- **What is expected**
Begin at the line that has "Brown, variant on", stop after the line that has "2021 LEXUS IS 300 JTHCA1D20M5112820 Photo 8", and print exactly those lines from the records below, without any pictures.

- **Data for this exercise**

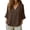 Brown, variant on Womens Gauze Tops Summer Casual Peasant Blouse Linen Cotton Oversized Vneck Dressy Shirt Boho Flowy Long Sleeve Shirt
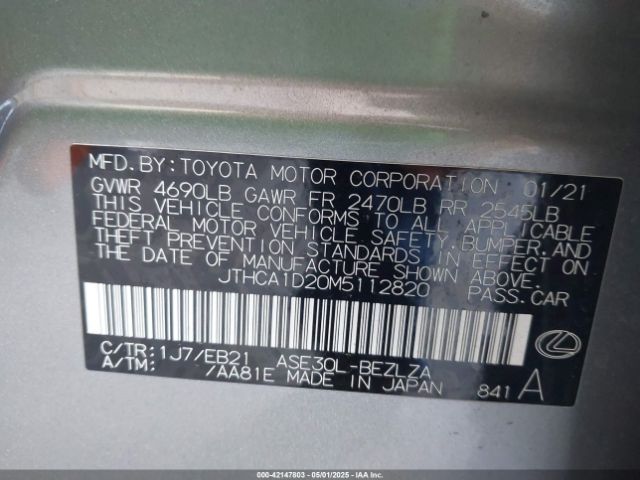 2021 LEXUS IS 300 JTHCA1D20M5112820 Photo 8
--
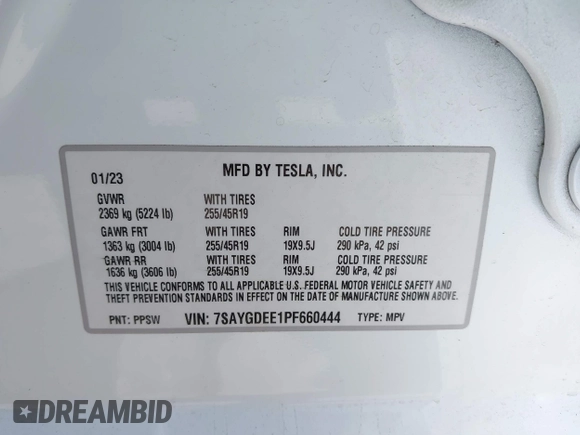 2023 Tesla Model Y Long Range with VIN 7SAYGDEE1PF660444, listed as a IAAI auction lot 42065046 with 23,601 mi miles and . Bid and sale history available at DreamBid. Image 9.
...
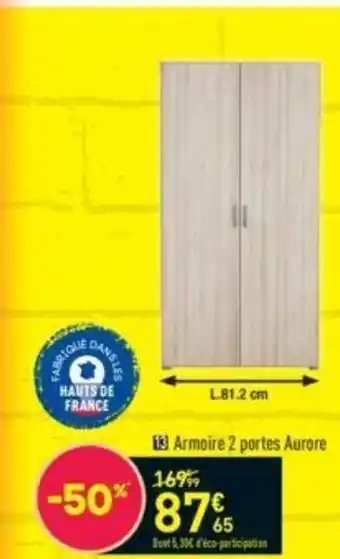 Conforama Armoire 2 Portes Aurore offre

- **Answer section**
 Brown, variant on Womens Gauze Tops Summer Casual Peasant Blouse Linen Cotton Oversized Vneck Dressy Shirt Boho Flowy Long Sleeve Shirt
 2021 LEXUS IS 300 JTHCA1D20M5112820 Photo 8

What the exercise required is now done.